1. May I suggest that a better analogy to Israel-Palestine is the BM demolition rather than Modi-Guj 2002?
In both cases a pre-existant reality has successfully (and forcibly) been altered, and said alteration is sought to be incrementally legitimized with time.
2. I believe there was no consent, let alone informed consent, from the populace of Palestine for Israel, esp as it turned out to be today. It was not Britain's or anybody else's to give.
That a small fraction of the population was always Jewish does not materially affect that.
Maybe the local (non-Jewish) population thought there would be some incoming refugees that would live under their domain as part of *their* state- its hard to believe they approved of an approach to become a discriminated minority in their land.

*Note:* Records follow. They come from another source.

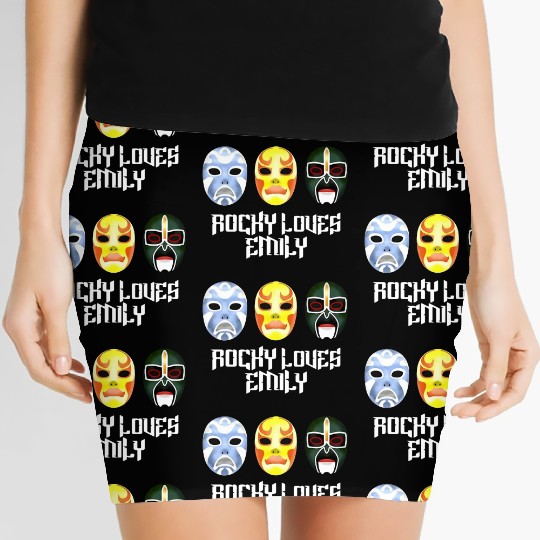 Rocky Loves Emily Funny Women's Mini Skirts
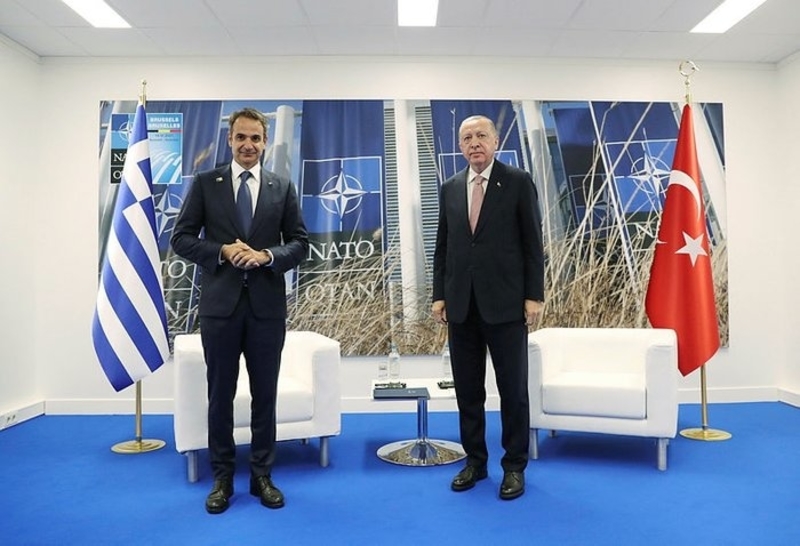 Mitsotakis, Erdogan, Turkey-Greece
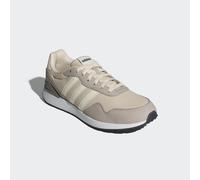 Sneaker ADIDAS SPORTSWEAR "RUN 60S 4.0", Herren, Gr. 41, weiß (aluminium, sanftes weiß, wonder aluminium), Leder, Textil, Schuhe Sneaker (83466753-41) aluminium, sanftes weiß, wonder aluminium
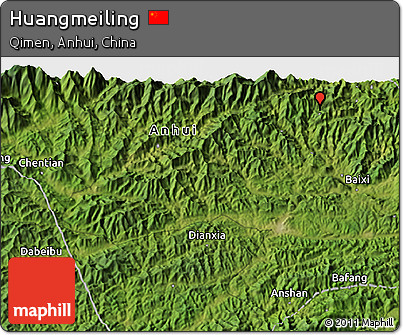 Satellite 3D Map of Huangmeiling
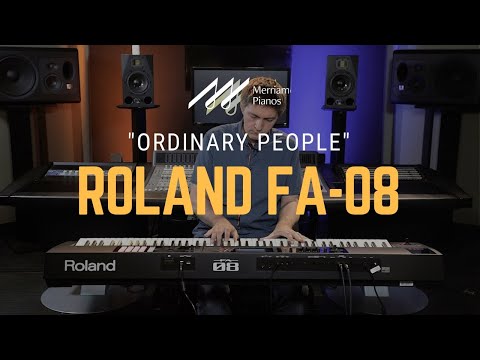 🎹Roland FA-08 Workstation Playing Demo - “Ordinary People” by John Legend🎹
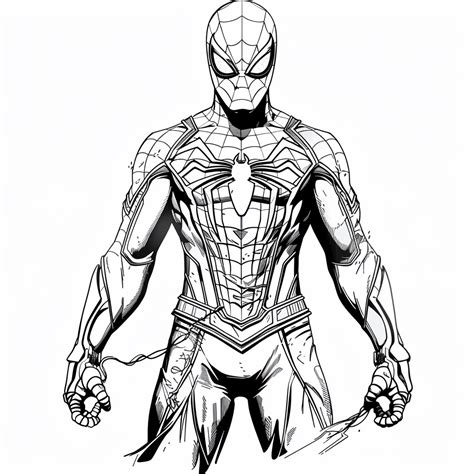 Dibujo 20 De Spider Man Para Colorear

Maybe with real intent and lower religious temperatures on all sides there could have been something like a Louisiana purchase or Alaska.
These are contexts within which I am comfortable with the homeland argument. Just feeling strongly and historically linked to a place does not cut it.
I feel Dilip has directly or implicitly made these or similar points himself and there is irreconcilable gap btwn Girish's and Dilip's PoVs.
However Girish's approach appears to question Israel's right to exist. I'm not too sure too many of our current states (including India) are formed on the absolute okay of all the people in it and around it. Israel's is just the most extreme example around.
We can only aspire to be the best solution possible today that eliminates or at least mitigates harm, we cannot dissolve ourselves if we were founded on wrong premises.
Dilip's suggestions on this thread are the practical and workable solutions that can bring about some form of closure today not 1940s. To move to this solution requires that we cease harping on the events from the 1940s.
This conflicts with (1)... the resolution as close as I have it is the summary above.
thank you,
Jai
A couple of clarifications:
1) I was referring to the 1992 demolition of BM, which I want undone. The default or base solution is the reconstruction of BM, any other solution is with the unforced and willing sanction of the Muslims in that area.
This is being compared to the injustice meted out to Palestinians.
This doesnt come out clearly enough in the wording which could be used to infer that I am concerned with the demolition in 17XX(?) of some other structure that stood there. That one is past.
2.) Correction:
I feel Dilip has directly or implicitly made these or similar points himself and there is ...*NO* ...irreconcilable gap btwn Girish's and Dilip's PoVs.
thanks,
Jai
Jai, I believe it was a crime to demolish the mosque, but rebuilding it is pointless. Similarly, I don't believe Israel had a right to exist in 1949, but I believe it has a right to exist today. That's a distinction I made in my very first question to Dilip when I asked him whether he thought Israel had a right to exist just today or even back in 1949, or, for that matter, in 1920.
Dilip, thanks for your clarifications.